Mackes Rückblende endet hier. An der Kellertür klopft kurz danach die Polizei, die Nenne zuvor auf der Straße angehalten hatte – und es wird entschieden, dass die drei wegen der Hakenkreuzschmiererei wieder ins Irrenhaus gebracht werden. Der Film von Kemskorn und Keschke findet kein Interesse beim „Minister für unser Inneres“, er wird von diesem weitergereicht und am Ende achtlos weggeworfen.

Hintergrund

Neuss hatte seinen mit nur 300.000 Mark produzierten Film, der zur Hälfte vom Fernsehen finanziert worden war, entgegen der gängigen Geschäftspraxis vor dem Kinostart im Fernsehen ausstrahlen lassen und provozierte damit einen Boykott des Films vonseiten der westdeutschen Kinobetreiber. Jedoch gelang es, einige Kinos für den Film zu gewinnen, wo er erfolgreich gezeigt wurde.[2] Der Fall hatte größere Kreise gezogen, nachdem der Filmverleih Stella den Boykott der Kinobesitzer beim Bundeskartellamt unter Berufung auf einen Spiegel-Artikel[3] angeprangert hatte. Daraufhin richtete das Kartellamt eine Nachfrage an den damaligen „Zentralverband der Deutschen Filmtheater e. V.“ (ZdF) unter Androhung einer Geldbuße von bis zu 50.000 Mark. Unter dem Druck des Kartellamts wurde der Boykott schließlich aufgehoben.[4]

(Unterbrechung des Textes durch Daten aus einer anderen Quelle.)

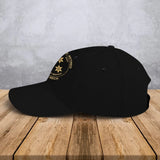 Personalized Retired Austrian Custom Gold Rank & Service Time Black Cap Printed AHVA241005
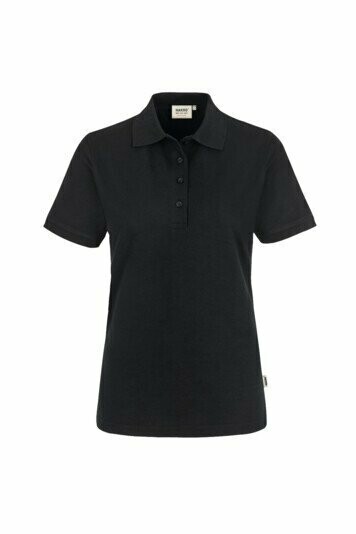 Damen Poloshirt halbarm Hakro Mikralinar, Farbe: schwarz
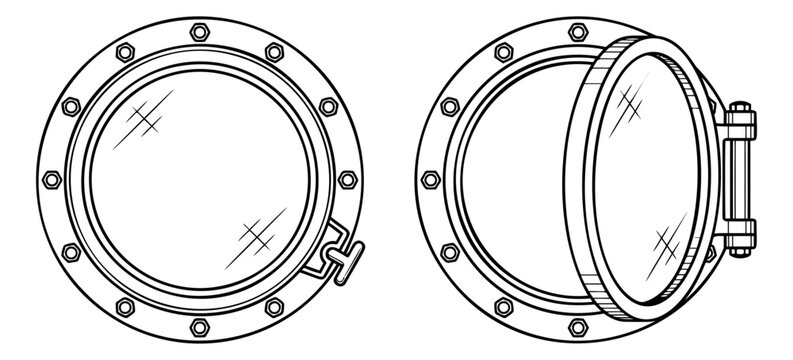 Outline illustration set of 2 ship portholes depicting open and closed round windows for nautical and marine design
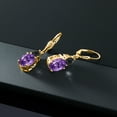 thumbnail image 4 of Gem Stone King 18K Yellow Gold Plated Silver Purple Amethyst and Black Onyx Dangle Earrings for Women (5.32 Cttw, Gemstone February Birthstone, Oval 10X8MM, Trillion 5MM), 4 of 4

Unabhängig von der Auseinandersetzung oder gerade durch die öffentliche Diskussion wurde Wir Kellerkinder ein Erfolg. Die Filmbewertungsstelle Wiesbaden verlieh „mit Vergnügen“ das Prädikat „Wertvoll“ und Kritiker lobten „den Schneid, die innere Wahrhaftigkeit, den erzieherischen Impetus und nicht zuletzt die stilvolle Kabarettistik“.[2] Im Dezember 1960 Film des Monats der Evangelischen Filmgilde.

Drehorte

Die Außenszenen rund um den Jazzkeller und die gegenüber liegende Fata Morgana Bar wurden in Berlin-Kreuzberg in der Friesenstraße gedreht, wie eine Einstellung mit Straßenschild verrät. Die genauen Drehorte sind anhand der Bildinformationen auch heute noch leicht ausfindig zu machen: Der Eingang zum Jazzkeller befand sich demnach im Haus mit der Hausnummer 4 (unter Umständen eine bloße Applikation an der Außenfassade des Hauses, das heute keinen solchen Kellerzugang aufweist). Das direkt gegenüber liegende Haus Nr. 24 indessen bot die Kulisse für die Bar.

Literatur

  • Klaus Kreimeier: Anti-Kino mit der Pauke: Wolfgang Neuss’ filmische Subversionsversuche. In: Johannes Roschlau (Hrsg.): Im Zeichen der Krise: Das Kino der frühen 1960er Jahre. München, Edition text + kritik 2014, S. 39–51.

Einzelnachweise

  1. Kay Weniger: Das große Personenlexikon des Films. Die Schauspieler, Regisseure, Kameraleute, Produzenten, Komponisten, Drehbuchautoren, Filmarchitekten, Ausstatter, Kostümbildner, Cutter, Tontechniker, Maskenbildner und Special Effects Designer des 20. Jahrhunderts. Band 5: L – N. Rudolf Lettinger – Lloyd Nolan. Schwarzkopf & Schwarzkopf, Berlin 2001, ISBN 3-89602-340-3, S. 653.
  2. a b „Macke“. In: Der Spiegel, Ausgabe 48/1960, 23. November 2011
  3. „Fernsehfilm: Einer kam durch“. In: Der Spiegel, Heft 38/1960, 14. September 1960, S. 69f.
  4. „Im Kino später“. In: Der Spiegel, Heft 15/1963, 14. April 1963, S. 94.